EVANSTON, Ill. — Researchers at the electrical and computer engineering department of Northwestern University have received a $2 million grant from the Defense Advanced Research Projects Agency (Darpa) to develop new techniques for minimizing the power consumption of computer systems.

Motorola Inc. and Cadence Design Systems Inc. are partners in the research, and will have access to the findings.

The power consumption of processors and peripherals is a major concern in portable equipment like cellular handsets, laptops, palmtops and two-way radios, said Prith Banerjee, the Northwestern professor who will head the project. But in recent years power-vs.-performance trade-offs have also applied to servers and mainframes, he said, because of concerns about electric-power costs, he said.

Military applications and platforms — of special interest to Darpa — have an urgent, growing need for power-efficient computing and communications. Power efficiency, in Darpa's view, would let existing platforms perform new missions and extend their mission time lines — sometimes dramatically.

Called Pact, for "power-aware architecture and compilation techniques," the Northwestern project will develop power-savvy architectural schemes along with associated compilers and CAD tools. The goal is to take applications written in the C programming language and generate power- and performance-efficient code for embedded computing systems utilizing power-aware architectural techniques, Banerjee said.

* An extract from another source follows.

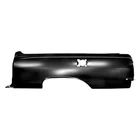 For Chevy Camino 1964-1965 Dynacorn 1475HN Rear Driver Side Quarter Panel New. Price: $600.65.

The Pact project proposes a cross-coupling of computer architectures and compilers with the idea of minimizing power consumption. The traditional goal is to reduce the number of clock cycles a processor goes through, and the amount of work accomplished with each cycle, said Banerjee. But additional power savings could be found by coupling the computer architecture to the capabilities of the compiler, and vice versa.

The Pact team — which includes Majid Sarrafzadeh, Alok Choudhary, Andreas Moshovos, Horace Yuen and 10 Northwestern graduate students — hopes to develop technologies that can reduce the total energy consumption in specific applications by factors of 10 to 100 over conventional, non-power-aware architectures.

Banked caches and memory hierarchies, clock gating, voltage and frequency scaling and information encoding are the best places to look for architectural-level power savings, Banerjee said. Power-aware compilation techniques, similarly, will examine automated mapping and scheduling of various library functions.

The project is scheduled to last until Sept. 30, 2003.